§ **Your goal**
At the line with "The Mail Coach", start transcribing; stop after the last line of the data below. Keep it exact and leave pictures out.

§ **Supplied information**
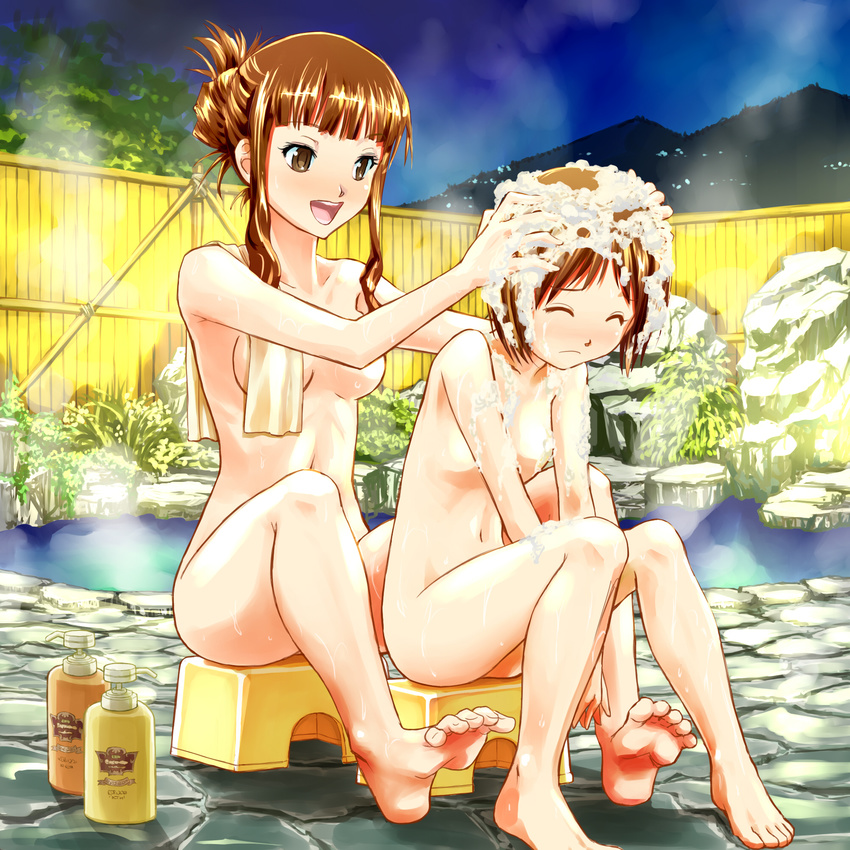 2girls barefoot bath_stool blush breasts brown_eyes brown_hair bubble closed_eyes convenient_arm convenient_censoring feet flat_chest hair_up hand_in_hair hidaka_ai hidaka_mai highres idolmaster idolmaster_dearly_stars long_hair medium_breasts mother_and_daughter multiple_girls nude onsen open_mouth shampoo short_hair sitting smile soap_bubbles soap_censor steam stool toes towel towel_on_one_shoulder washing_hair water yellow_towel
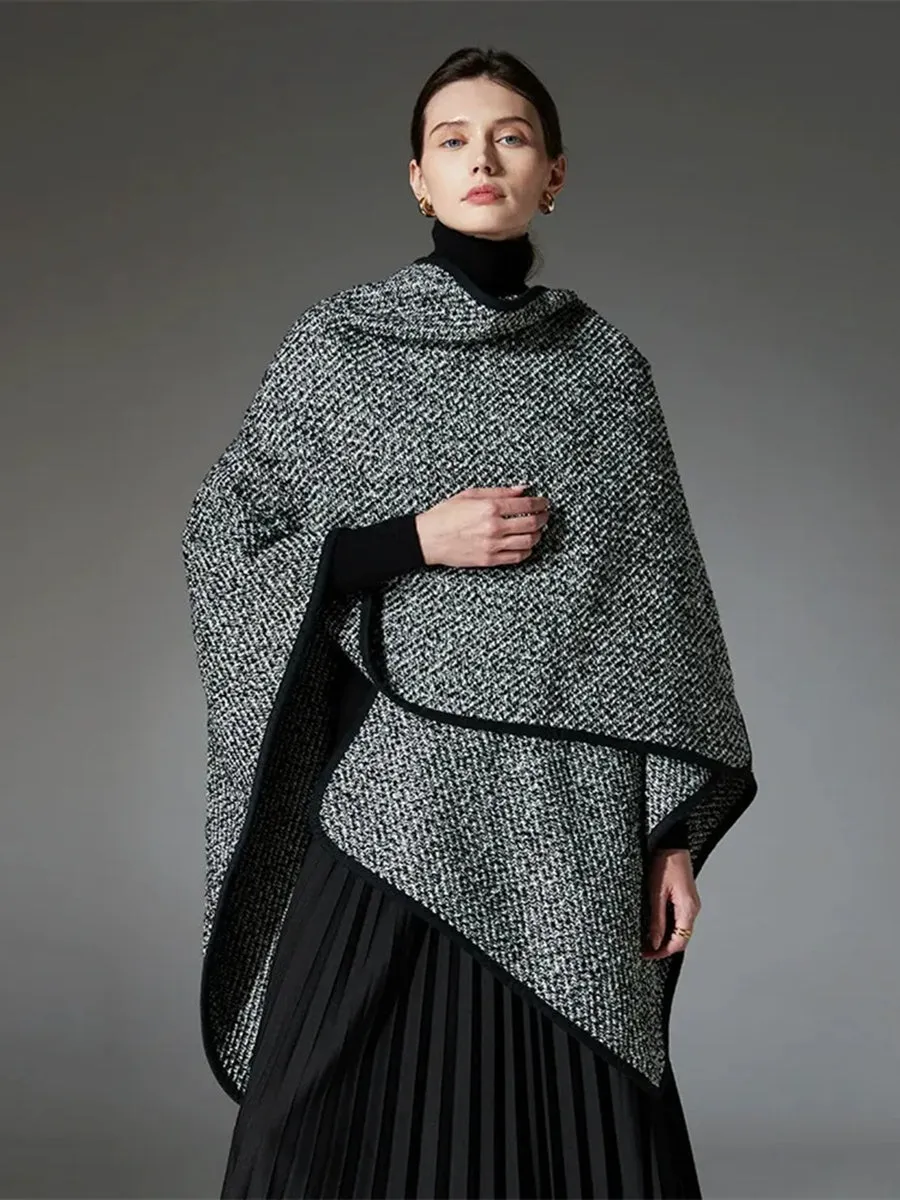 Black High-End Wool Tie-Dye Party Cape Shawl for Women sold by Lavetir product image thumbnail 3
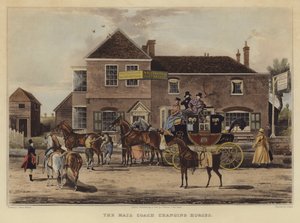 The Mail Coach Change Horses (kolorowy grawerunek) autorstwa English School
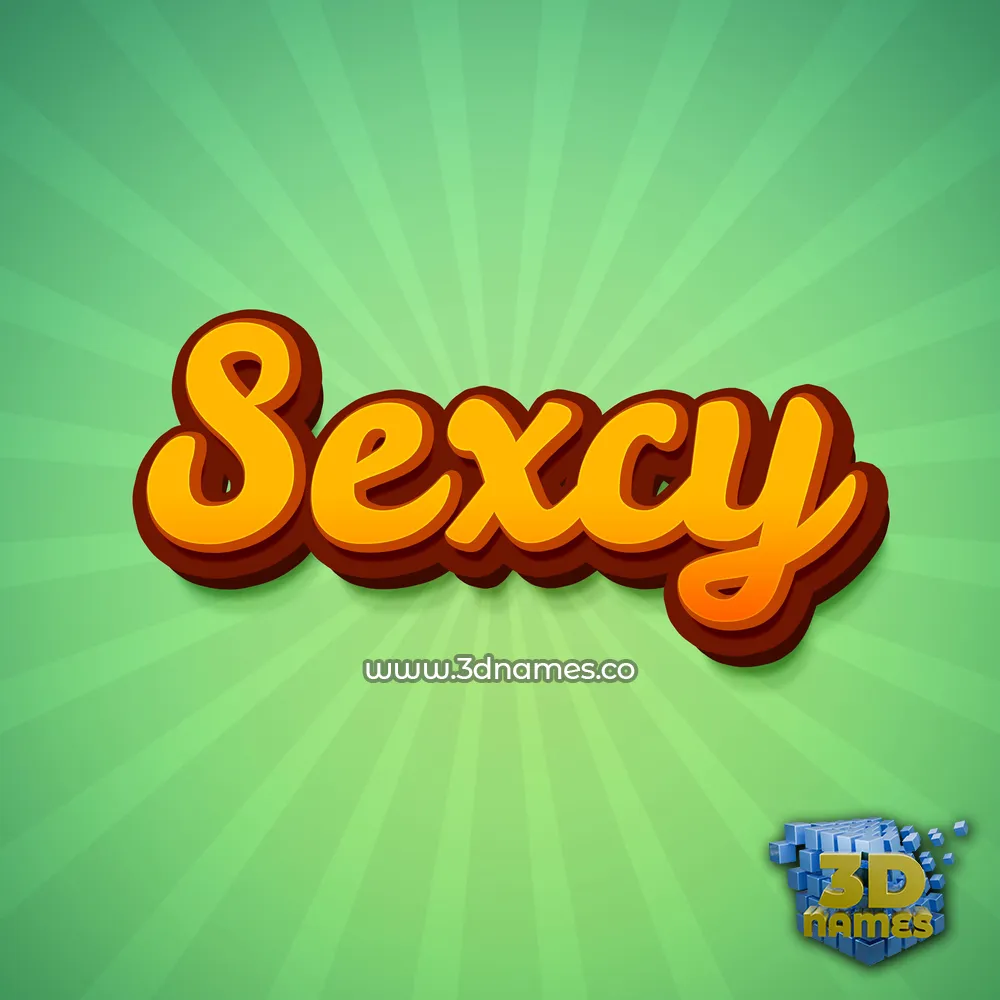 sexcy in Green Rays style - 3D name wallpaper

§ **Answer to the problem**
 The Mail Coach Change Horses (kolorowy grawerunek) autorstwa English School
 sexcy in Green Rays style - 3D name wallpaper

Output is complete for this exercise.